US-Präsident Donald Trump hat nach Fox News einen neuen Lieblingssender: Das One America News Network sendet Präsidenten-Lob und Verschwörungstheorien. Auch andere rechte Podcasts und Shows befeuern eine Spaltung der US-Gesellschaft.
Bei einem Wahlkampfauftritt Mitte September in North Carolina kommt US-Präsident Trump am Ende seiner Rede zu einem seiner Lieblingsthemen: Journalistenschelte. Amerika könne so viel besser sein, wenn es nur ehrliche Medien hätte.
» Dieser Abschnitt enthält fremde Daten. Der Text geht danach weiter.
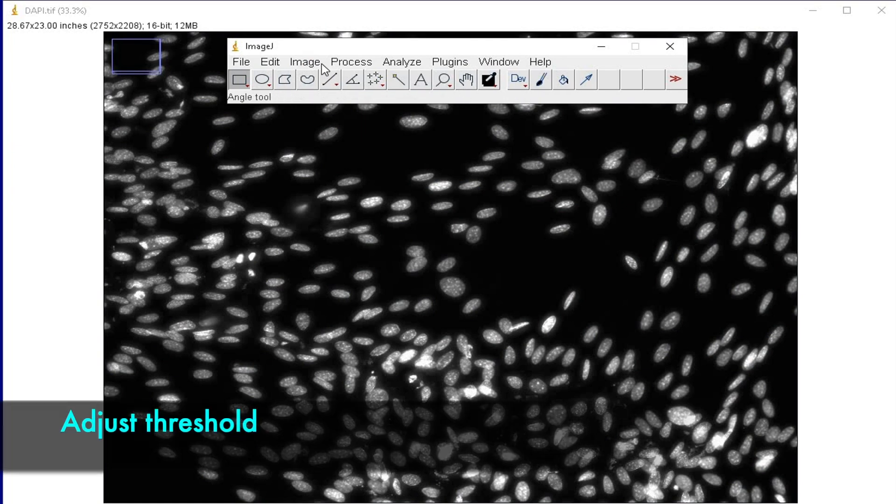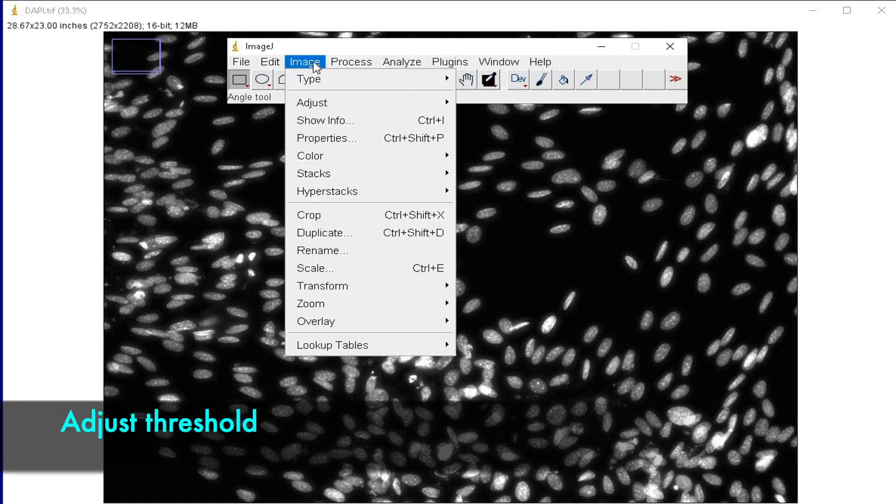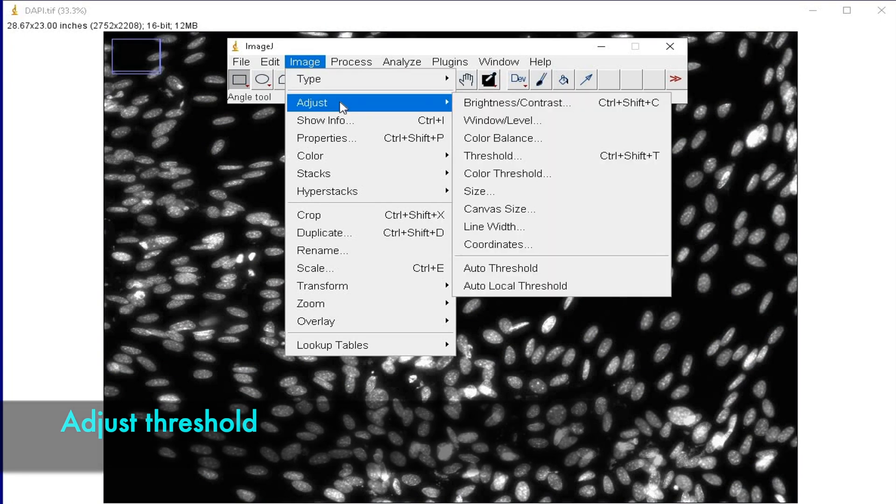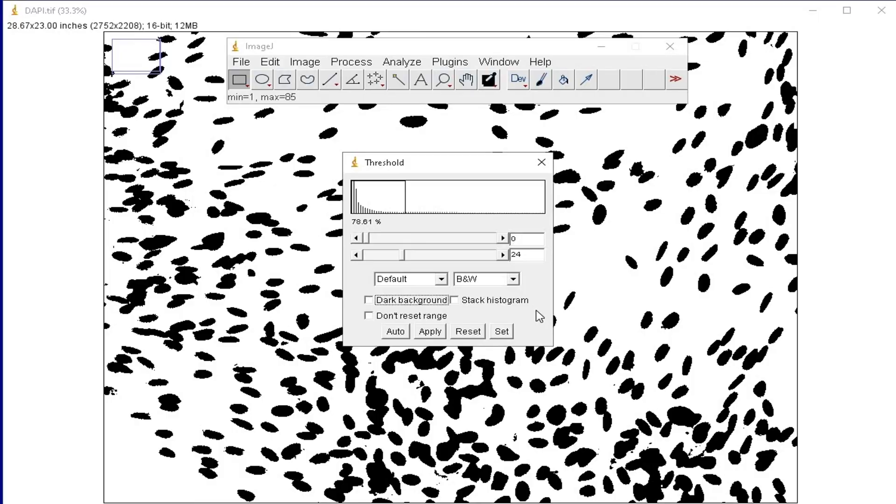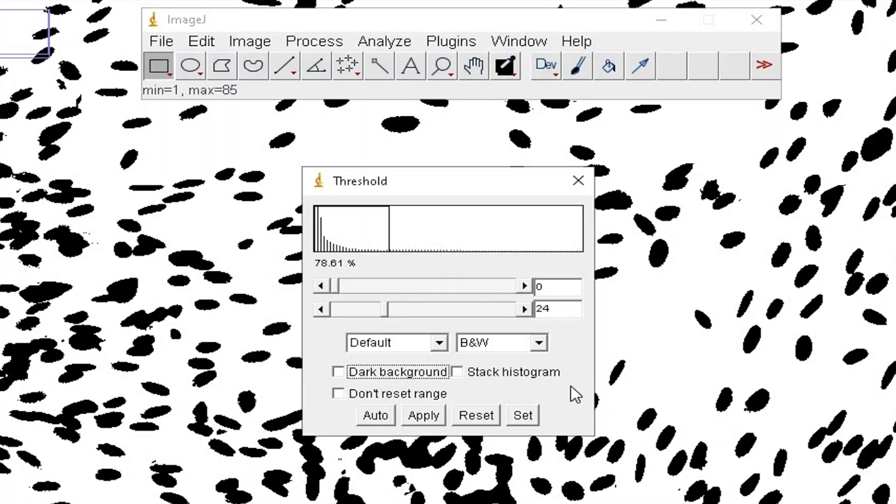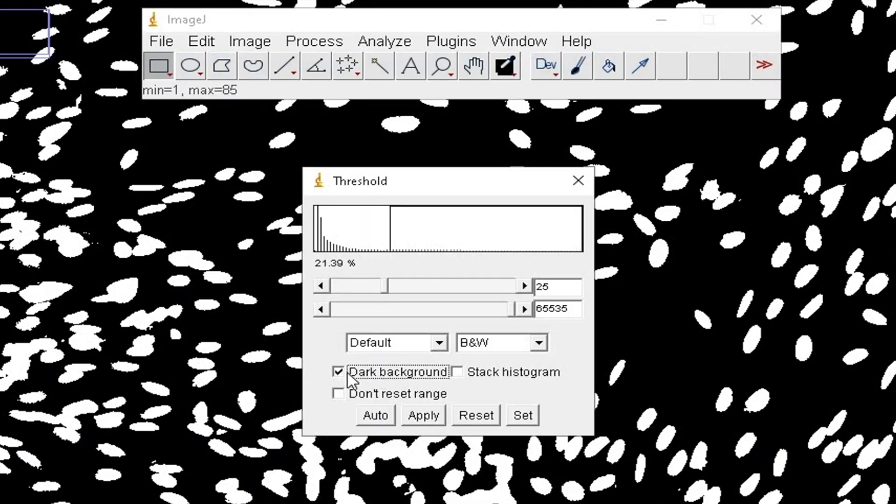Next, adjust the threshold by clicking on Image, Adjust, and Threshold. For example, check on the option Dark Background and change the color to red.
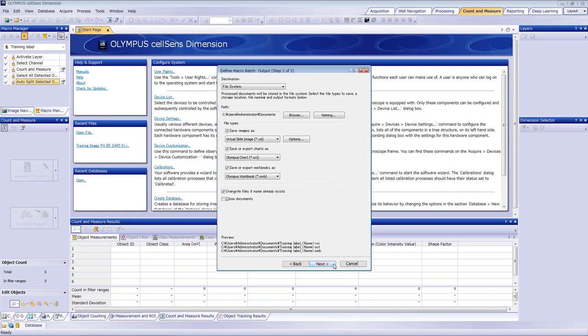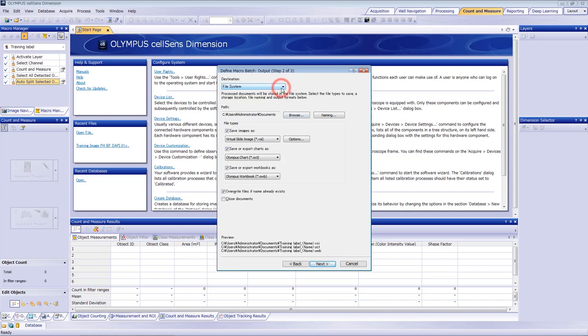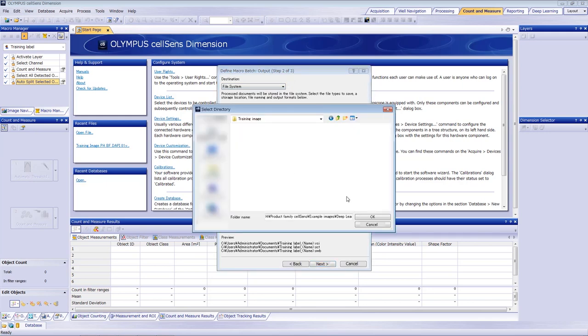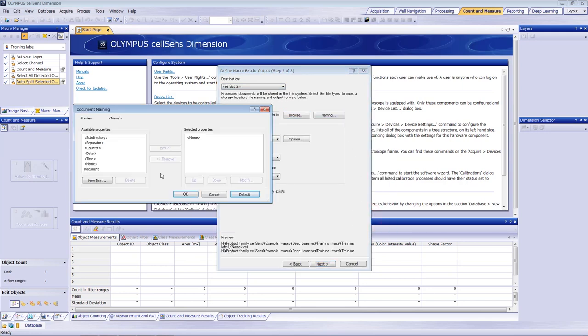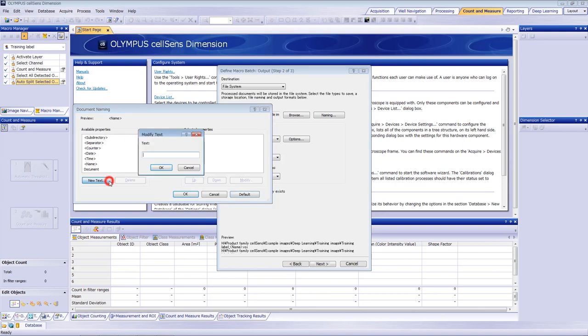Choose the location where you want to save the files. Here, we rename the batch Training Label.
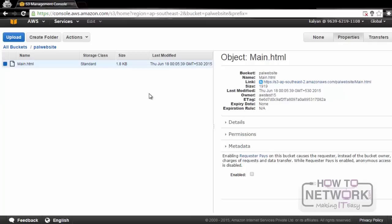In this lesson, we discussed Amazon S3. In the next lesson, we will discuss Amazon Glacier. Thank you.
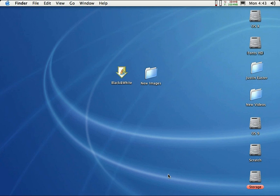Let me tell you what a droplet is first. A droplet is a small application that applies an action to one or more images that you drag onto the droplet icon. This can be in Photoshop or Image Ready. You can make a droplet in both programs and save it on your desktop or anywhere on your hard drive.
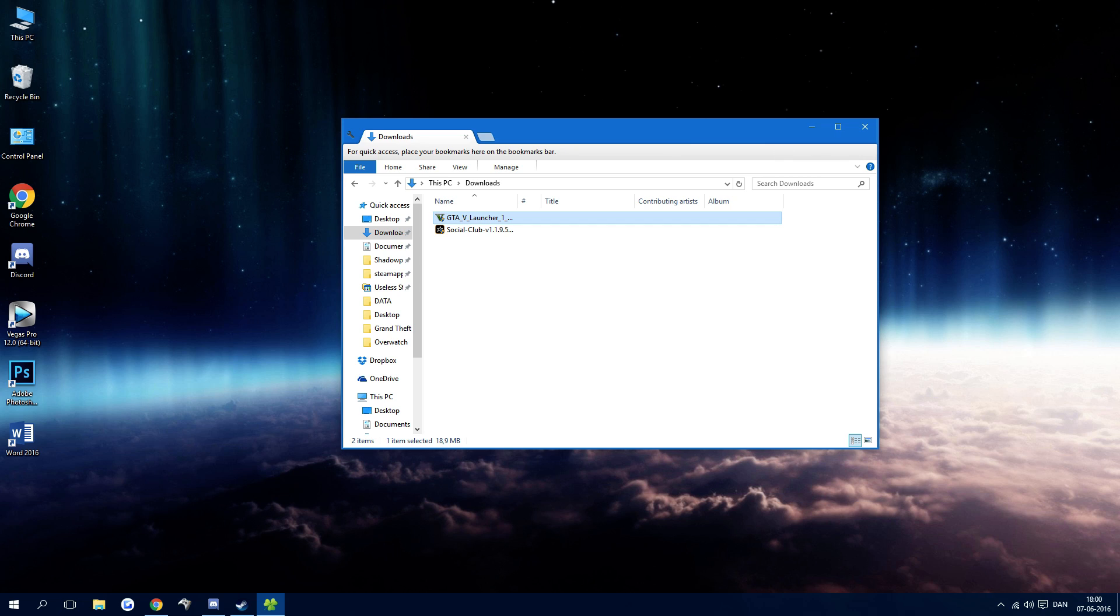So what you want to do is go to the two links I have in the description which will directly download both the newest version of Social Club and the newest launcher, GTA 5 launcher.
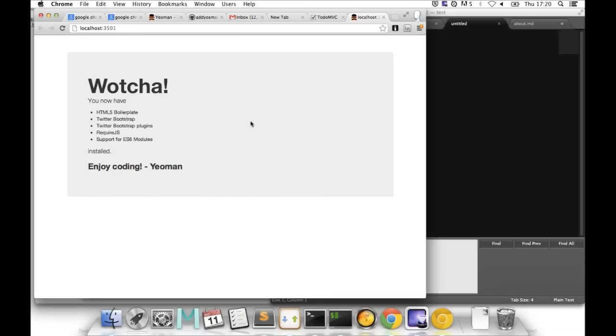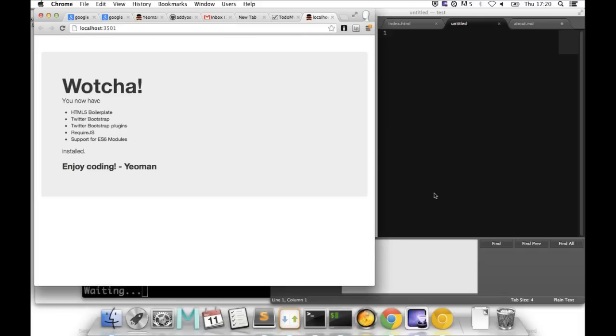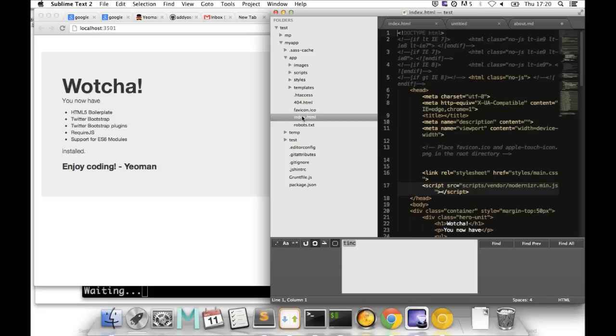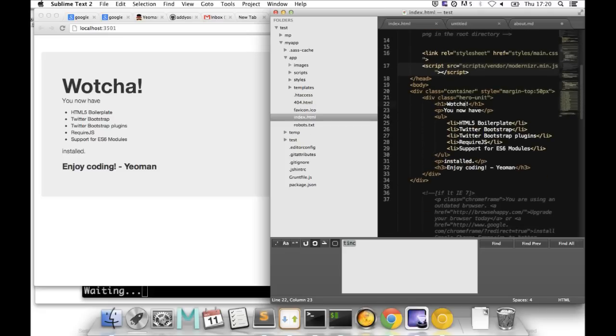Yeoman also supports Live Reload — functionality that watches your application files, whether stylesheets, scripts, or markup, and automatically reloads the browser whenever changes are made to local files. You don't have to manually refresh. Making a change to the index file automatically triggers a page reload and recompiles Compass files, CoffeeScript, and RequireJS files — all without you having to set up that workflow yourself.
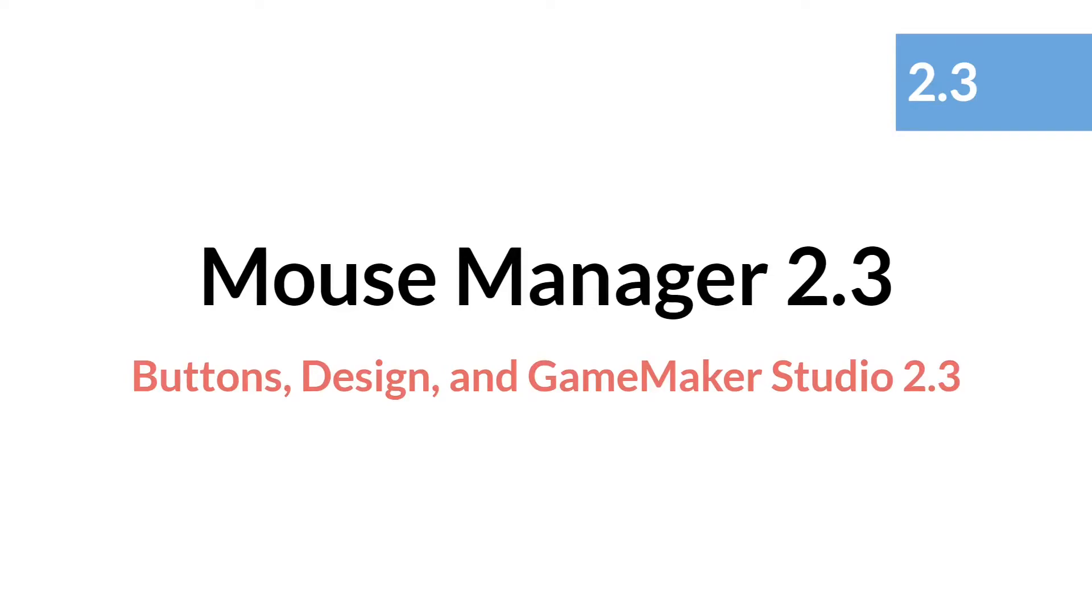Hello everyone, this is Sam Spade and welcome to another tutorial in the Buttons Design in GameMaker Studio 2.3 series. In this tutorial we'll be talking about the Mouse Manager.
Den Zeigefinger auf die Kameras hinter den jubelnden Fans gerichtet, sagt Trump zu den Journalisten: "Ihr seid der Feind des Volkes." Die meisten Sender beenden danach ihre Übertragung der Veranstaltung. Trump beschwert sich, dass alle roten Lichter an den Kameras ausgehen. Alle, bis auf eins. Das von One America Network News (OAN).
OAN ist Präsident Trumps neuer Lieblingssender. Das 2013 gegründete Netzwerk hat seine Zentrale in einem unscheinbaren Gebäude im kalifornischen San Diego, zwischen einem Fliesenladen, einer Kirche und einer Firma für Getränkeautomaten.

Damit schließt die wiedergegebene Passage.